Tournament statistics
- Matches played: 72
- Goals scored: 199 (2.76 per match)
- Top goal scorer(s): Yves Triantafyllos (7 goals)

= 1973–74 Greek Football Cup =

The 1973–74 Greek Football Cup was the 32nd edition of the Greek Football Cup. The competition culminated with the Greek Cup Final, held at AEK Stadium on 16 June 1974. The match was contested by PAOK and Olympiacos, with PAOK winning by 4–3 on penalty shoot-out, after a 2–2 draw between the two teams.

==Calendar==

| Round | Date(s) | Fixtures | Clubs | New entries |
|---|---|---|---|---|
| Qualifying Round | 9 September 1973 | 13 | 79 → 65 | 28 |
| Additional Round | 1973 | 1 | 65 → 64 | 1 |
| First Round | 26 December 1973 | 28 | 64 → 32 | 50 |
| Round of 32 | 23 January 1974 | 15 | 32 → 16 | none |
| Round of 16 | 24 February 1974 | 8 | 16 → 8 | none |
| Quarter-finals | 10 April 1974 | 4 | 8 → 4 | none |
| Semi-finals | 8 May 1974 | 2 | 4 → 2 | none |
| Final | 16 June 1974 | 1 | 2 → 1 | none |

==Qualifying round==

28 clubs from Beta Ethniki entered the qualification round.

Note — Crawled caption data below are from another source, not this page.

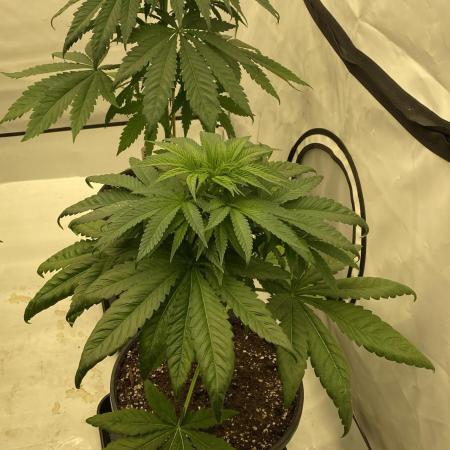 Barneys G13 Haze Fem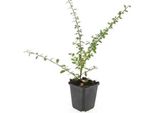 Copertura Del Terreno - Cotoneaster 'Coral Beauty' - Vaso Da 9 Cm - Set Di 60 Piante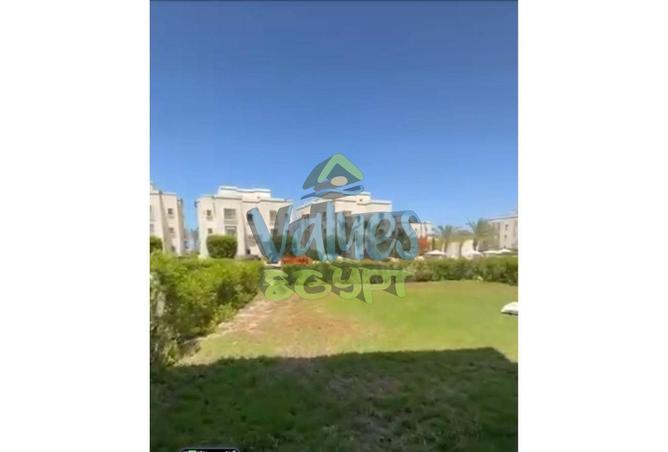 8172414 - Property Image 3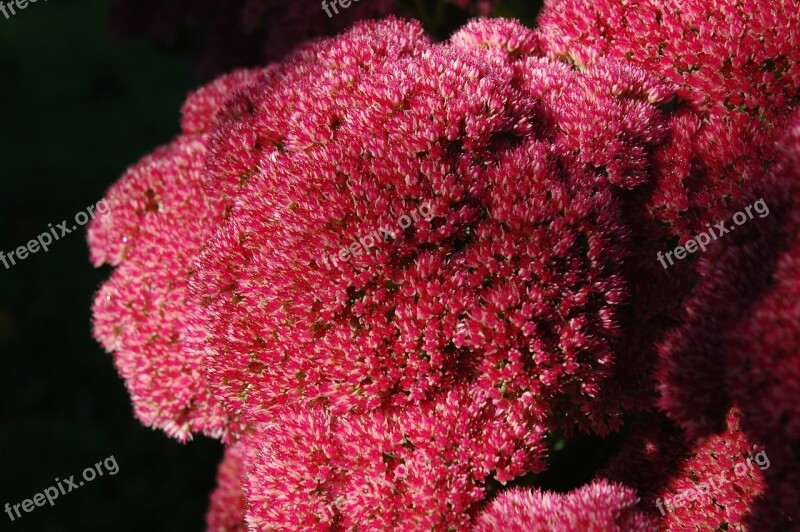 Stonecrop Garden Plant Flowers Flower Close Up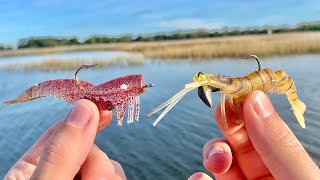 DOA Shrimp vs. Vudu Shrimp: Winter Redfish Contest (Day 1)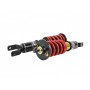 Skunk2 Racing Pro ST Coilovers 92-95 Civic 94-01 Integra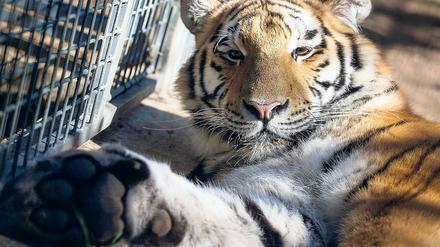 Zu eng. Rund 200 Kilogramm schwer und fast zwei Meter lang ist der fast zwei Jahre alte Brandenburger Findeltiger Diego inzwischen. Möglichst schnell soll die mittlerweile fast ausgewachsene Raubkatze in ein größeres Gehege umziehen.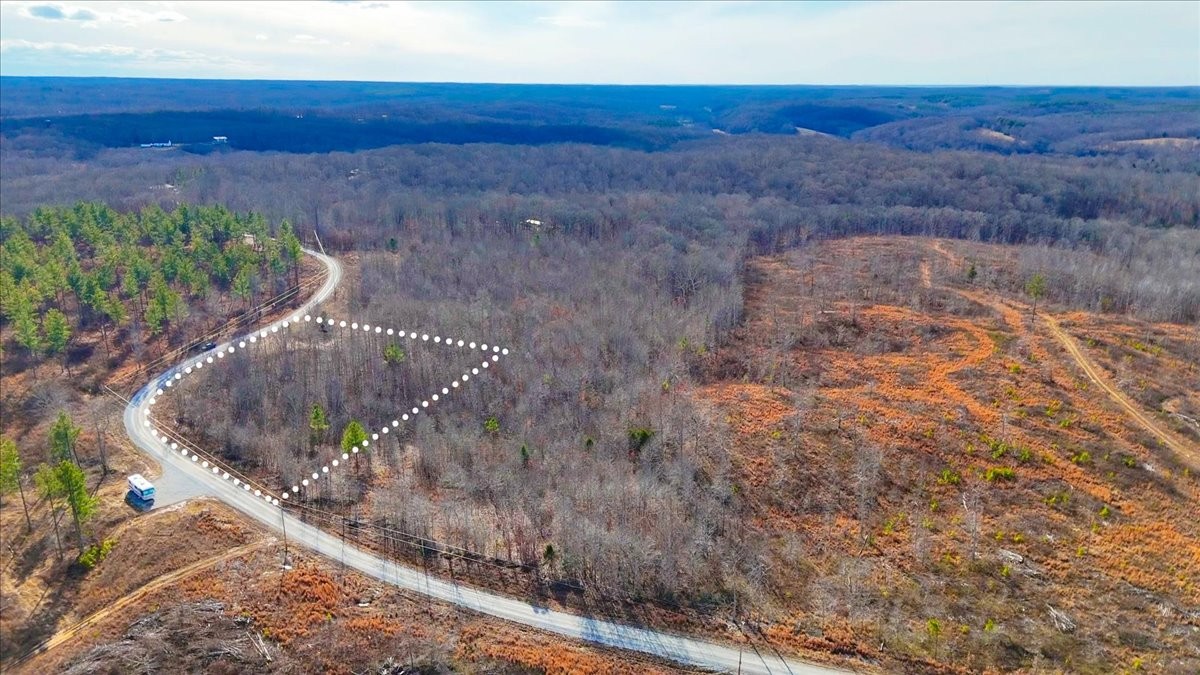98 Saddleback Drive Dover, TN 37058 - Photo 11 of 18 a view of a dry yard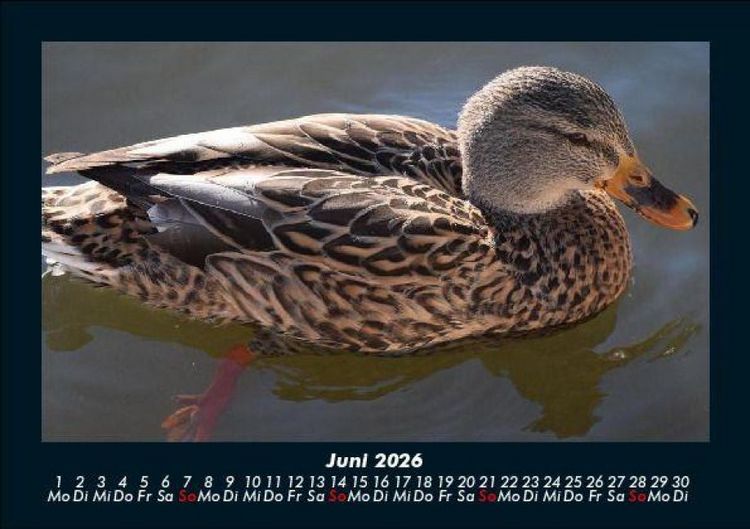 Produktbild: Enten 2026 Fotokalender DIN A5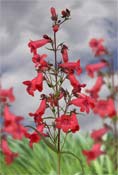 penstemon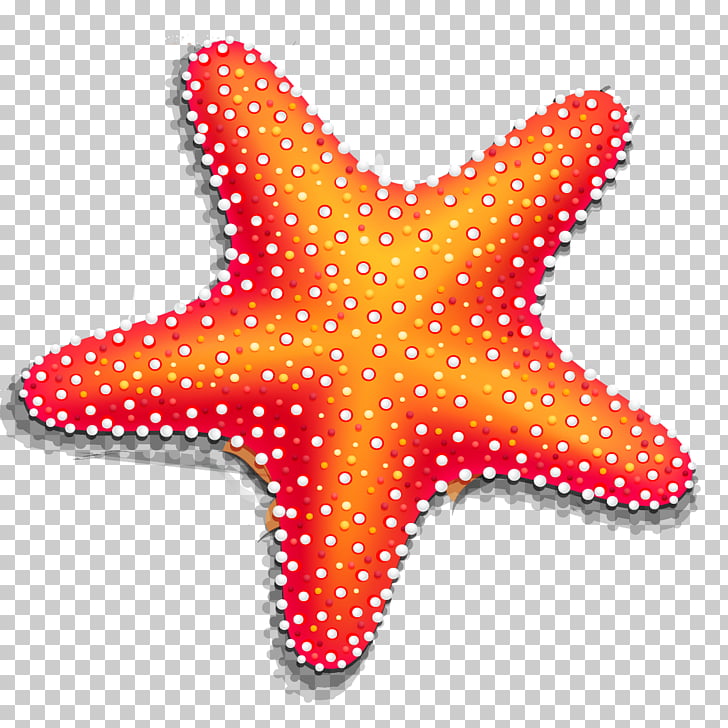 728x728 Starfish Drawing, Sabbia Png Clipart Free Cliparts Uihere - Starfish Drawing Images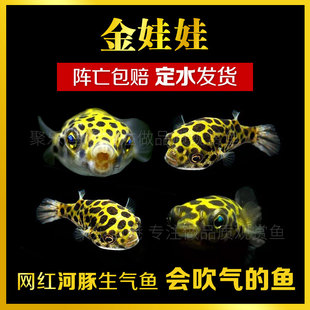 潜水艇金娃娃暗绿鲀河豚活体 热带观赏淡水汽水生气吹气球鱼除螺
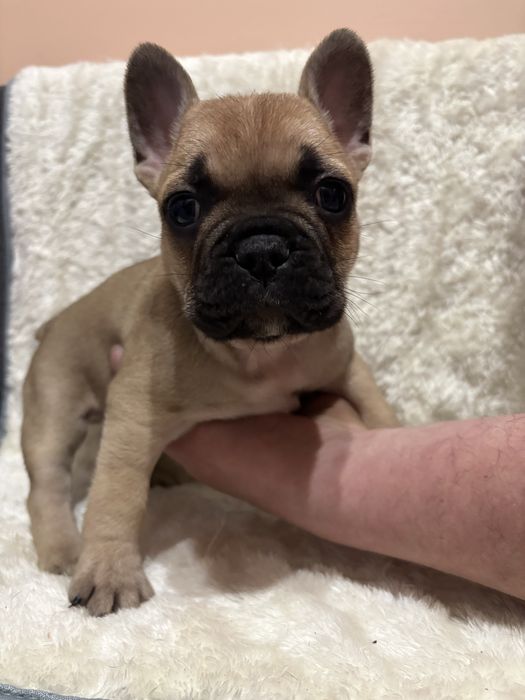 Buldog francuski - biszkoptowy samczyk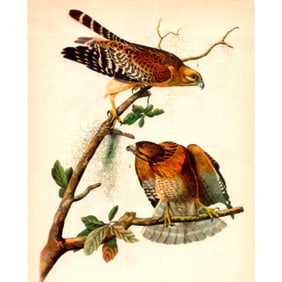 1946 Audubon #56 Red-Shouldered Hawk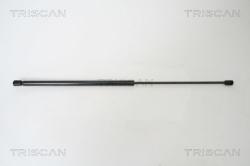 TRISCAN Amortizor capota TRISCAN 8710 67100 (8710 67100) - automobilus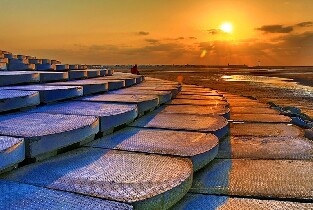 新竹城隍廟 & 南寮漁港 & 新竹動物園一日遊（臺北出發）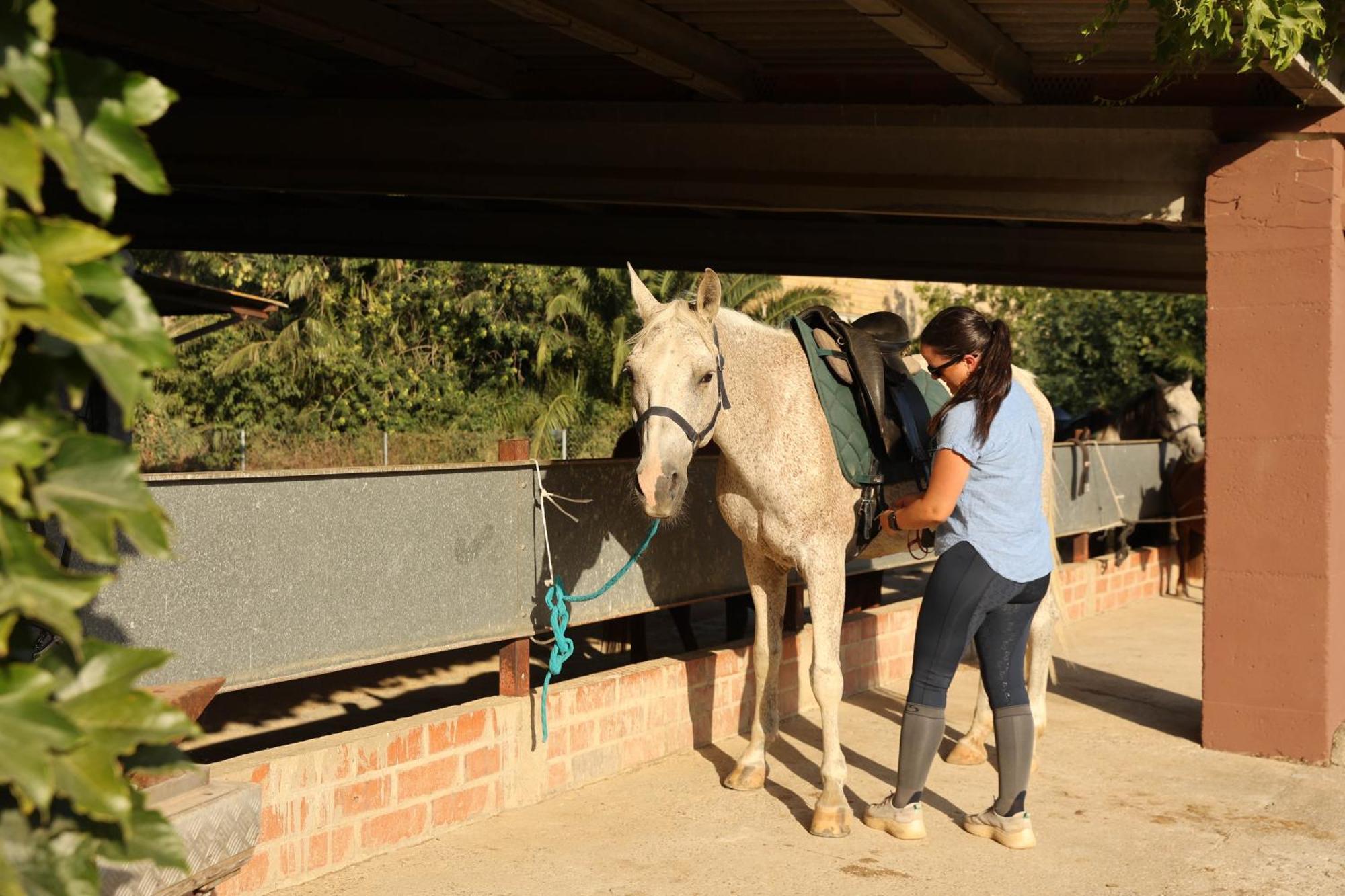 Appartement Cal Robusto, In Masia With Horses Siurana (Alt Emporda)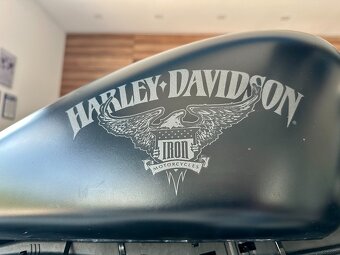 Harley-Davidson Iron 883 - 7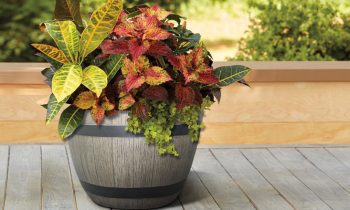 Thrill Fill Spill Plants in Wine Barrel Giveaway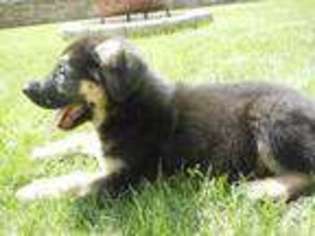 German Shepherd Dog Puppy for sale in CHESWICK, PA, USA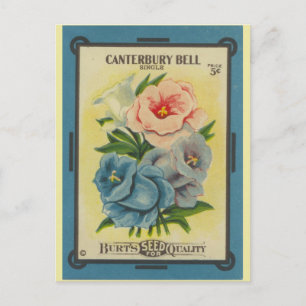 Antiquitätenverpackung Canterbury Bells Postkarte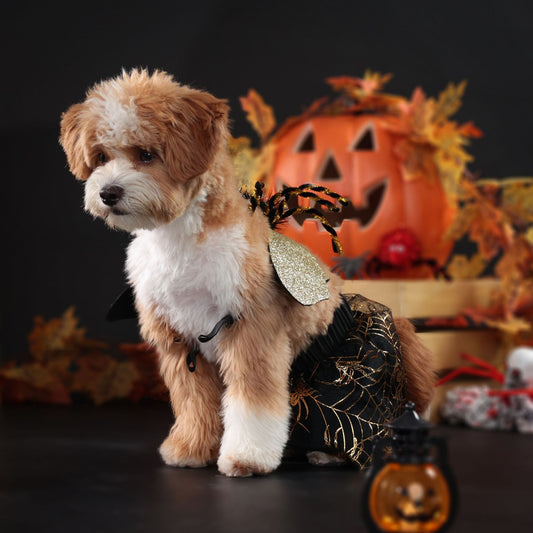 Halloween Party Dog Suit – Cute Pet Costume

^{*}The match ended 4–2 for Nestos Chrysoupoli, but it was awarded to Pandramaikos.

| Team 1 | Score | Team 2 |
|---|---|---|
| Panetolikos | 4–1 | Anagennisi Arta |
| Ikaros Nea Smyrni | 1–1 (5–3 p) | Panaspropyrgiakos |
| Korinthos | 0–2 | Panelefsiniakos |
| Panarkadikos | 1–0 | Panegialios |
| Koropi | 0–0 (3–4 p) | Aias Salamina |
| Vyzas Megara | 2–1 | Argonaftis |
| Rodos | 1–0 | Foivos Kremasti |
| Ionikos | 1–1 (2–4 p) | Acharnaikos |
| Proodeftiki | 1–0 | Kallithea |
| Achilleas Farsala | 2–1 | Anagennisi Giannitsa |
| Nestos Chrysoupoli | 0–2 (w/o)^{*} | Pandramaikos |
| Edessaikos | 2–1 | Almopos Aridea |
| Makedonikos | 1–1 (3–5 p) | Foinikas Polichni |
| Niki Polygyros | 0–5 | Moudania |

==Additional round==

| Team 1 | Score | Team 2 |
|---|---|---|
| Pandramaikos | 1–0 | Ethnikos Alexandroupoli |

==Knockout phase==
In the knockout phase, teams play against each other over a single match. If the match ends up as a draw, extra time will be played. If a winner doesn't occur after the extra time the winner emerges by penalty shoot-out.
The mechanism of the draws for each round is as follows:
- In the draw for the first round, the teams from the first division are seeded and the teams that passed the qualification round are unseeded. The seeded teams are drawn against the unseeded teams in their respective region. (The teams from Southern Greece form the first group and the teams from Central and Northern Greece form the second group.)
- In the draw for the Round of 32, there are no seedings and teams from the different group can be drawn against each other in their respective region.
- In the draws for the Round of 16 onwards, there are no geographical criteria and teams from different regions can be drawn against each other.

==First round==

18 clubs from Alpha Ethniki and 32 clubs from Beta Ethniki entered the first round.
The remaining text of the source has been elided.